Statistical Mechanical Theory of Condensation

Abstract

The cluster expansion for the free energy of the Ising model is reinterpreted as a cluster expansion for the pressure of the lattice gas. It is observed that the free energy of the Ising model is a function of $1-R^2$, where $R$ is the long-range order, so that the pressure of the lattice gas is a function of $\rho (1-\rho )$, where $\rho$ is density. The factor $1-\rho$ comes from the prevention of more than one particle occupying a lattice site. This idea has motivated the development of a real hard-core gas with a weak attractive tail. A cluster expansion is developed in terms of the tail alone and the hard core is treated as a metric (i.e., the hard-core part of the potential is treated exactly in all integrals). Pressure-volume isotherms are calculated explicitly in the zeroth order or molecular field approximation using the Lennard-Jones (6-12) potential and good quantitative results are found for the critical parameters as well as a qualitative understanding of the condensation phenomena.
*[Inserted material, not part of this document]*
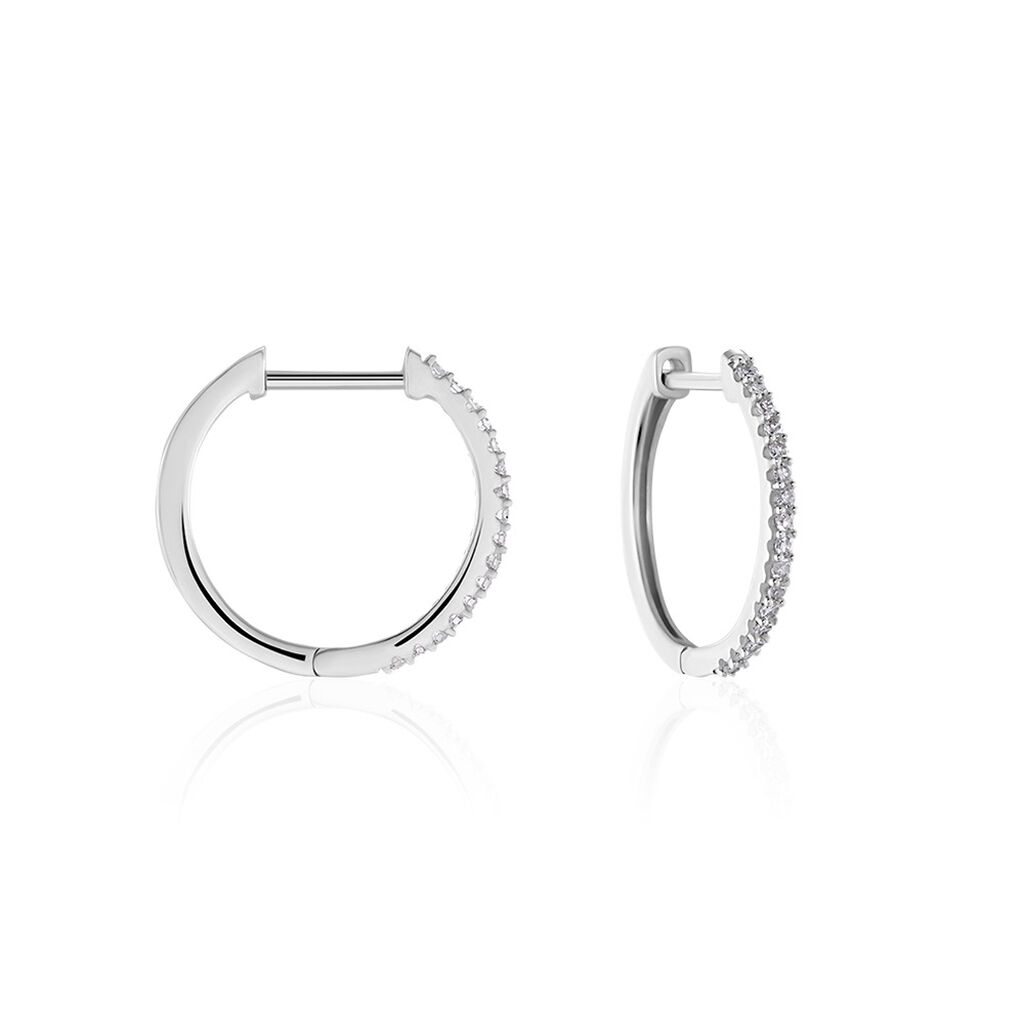 🦚 ARYANNA Damen Creolen Weißgold 375 (9 Karat) Diamant Weiß 0,12 ct B 0,95 mm, Creolen mit Stein Unkategorisiert online kaufen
The theory of the first-order correction (spherical model) is then outlined and fluctuations of the Ornstein-Zernicke type in the local density are found. The theory of condensation is qualitatively understood in the sense that the Weiss field gives an understanding of ferromagnetism. The theory of the detailed fluctuations in the critical region is equally difficult for both phenomena since the problems are put on the same footing in the present paper.